(Extracted records Opens)

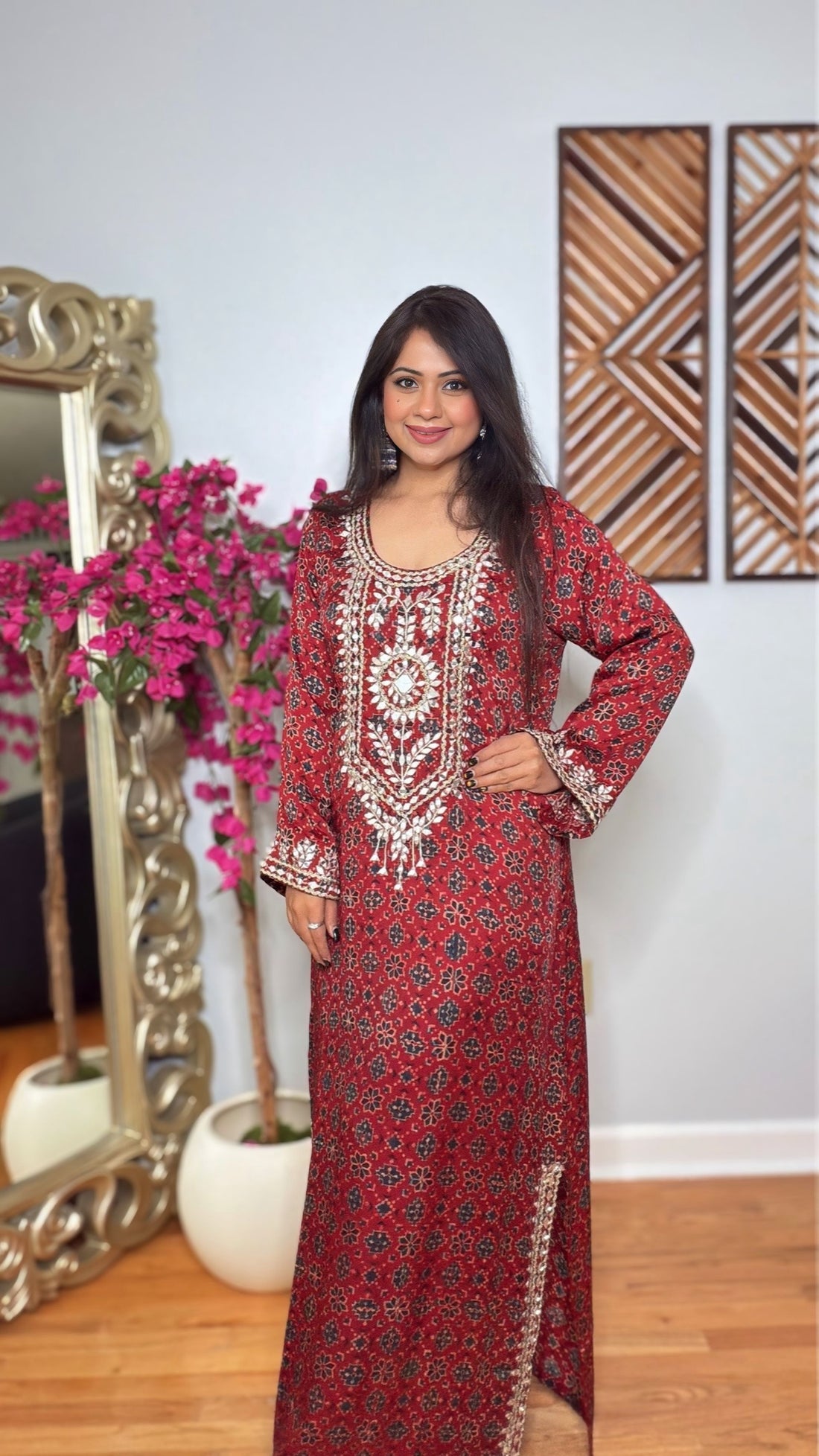 Zareva Modal Silk Ajrak Kaftan Dress
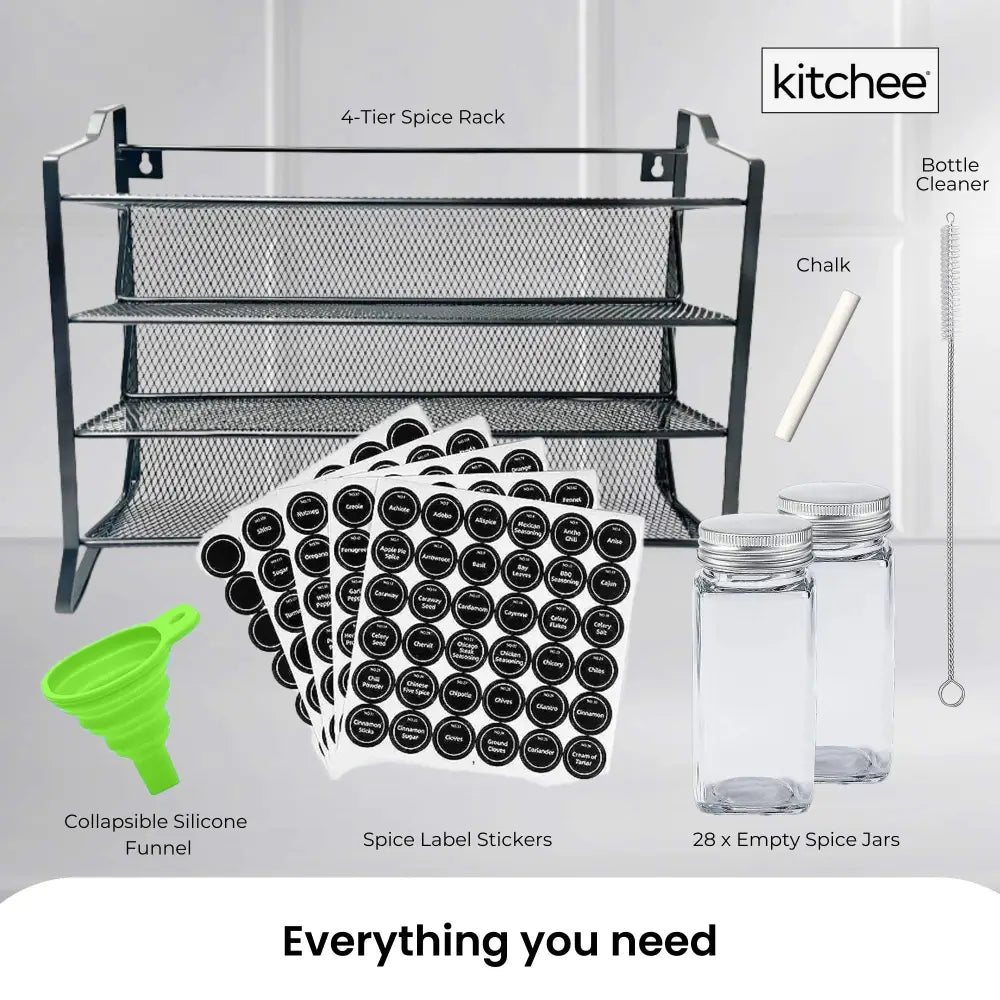4 Tier Metal Spice Rack - Kitchen Pantry Herb Storage Organiser - Home & Garden > Kitchenware > Food Storage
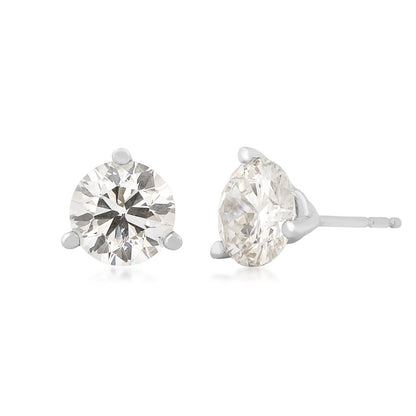 Adamante 4 ct. tw. Lab-Grown Round Brilliant Diamond Solitaire Earrings in 14K White Gold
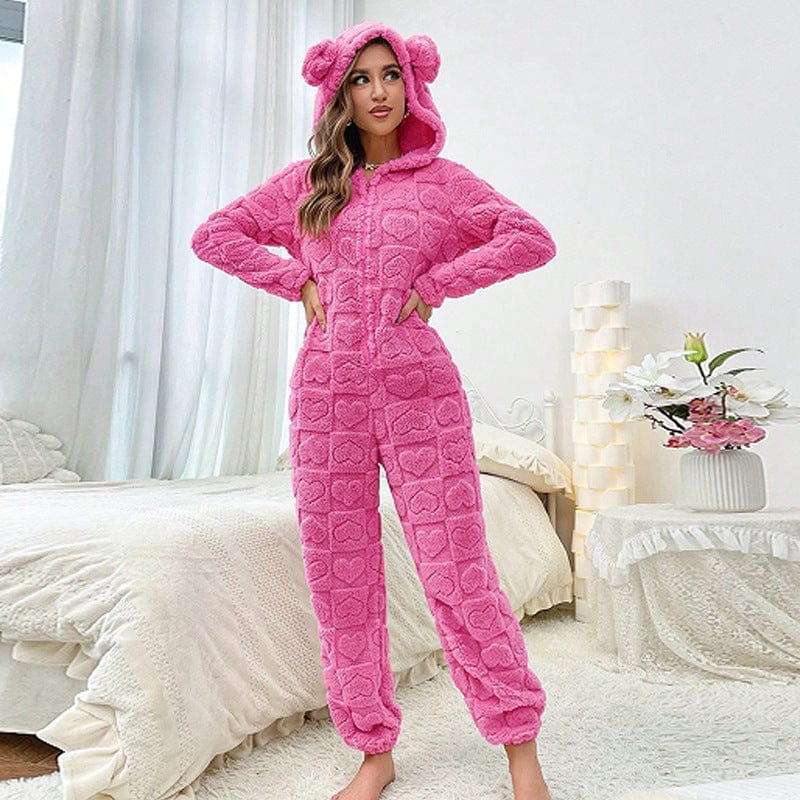 Pavoco Freizeitkleidung Magenta / S Gemütlicher Fleece Overall für Damen mit Kapuze warm und weich ideal für Zuhause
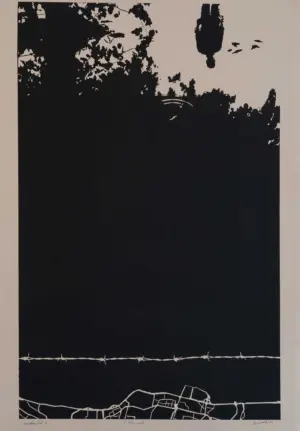 <b>Debashish Mukerjee</b><br>Mirror Land<br>Hand Painted woodcut print<br>39 x 24.5 Inches<br>2024
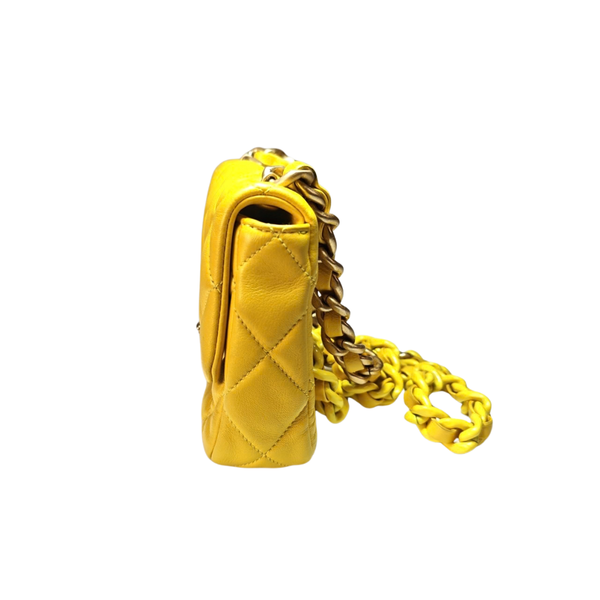 Load image into Gallery viewer, CHANEL Yellow Mini Matelassé Flap Bag
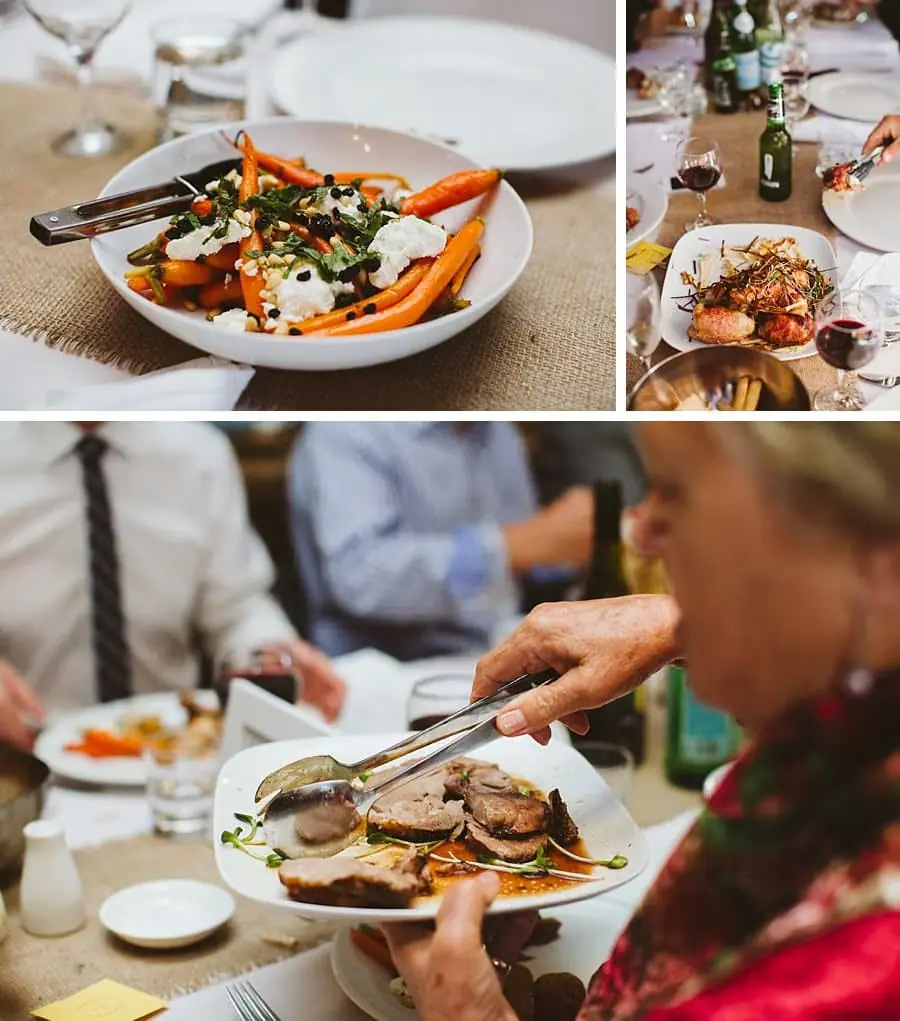 Three photographs of shared dinner platters and food being served.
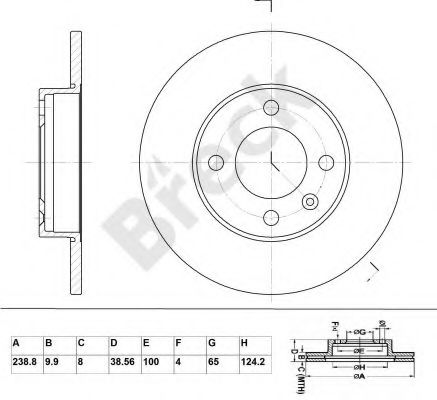 BRECK BR 018 SA100 Тормозной диск для VOLKSWAGEN JETTA (Фольксваген Жэтта) BRECK BR 018 SA100 Тормозной диск для VOLKSWAGEN JETTA (Фольксваген Жэтта)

(Extracted records Closes)

## Work order:
Strip out the images, then output the records above word for word.

## Exercise output:
 Zareva Modal Silk Ajrak Kaftan Dress
4 Tier Metal Spice Rack - Kitchen Pantry Herb Storage Organiser - Home & Garden > Kitchenware > Food Storage
 Adamante 4 ct. tw. Lab-Grown Round Brilliant Diamond Solitaire Earrings in 14K White Gold
 Pavoco Freizeitkleidung Magenta / S Gemütlicher Fleece Overall für Damen mit Kapuze warm und weich ideal für Zuhause
 <b>Debashish Mukerjee</b><br>Mirror Land<br>Hand Painted woodcut print<br>39 x 24.5 Inches<br>2024
 Load image into Gallery viewer, CHANEL Yellow Mini Matelassé Flap Bag
 Three photographs of shared dinner platters and food being served.
 BRECK BR 018 SA100 Тормозной диск для VOLKSWAGEN JETTA (Фольксваген Жэтта) BRECK BR 018 SA100 Тормозной диск для VOLKSWAGEN JETTA (Фольксваген Жэтта)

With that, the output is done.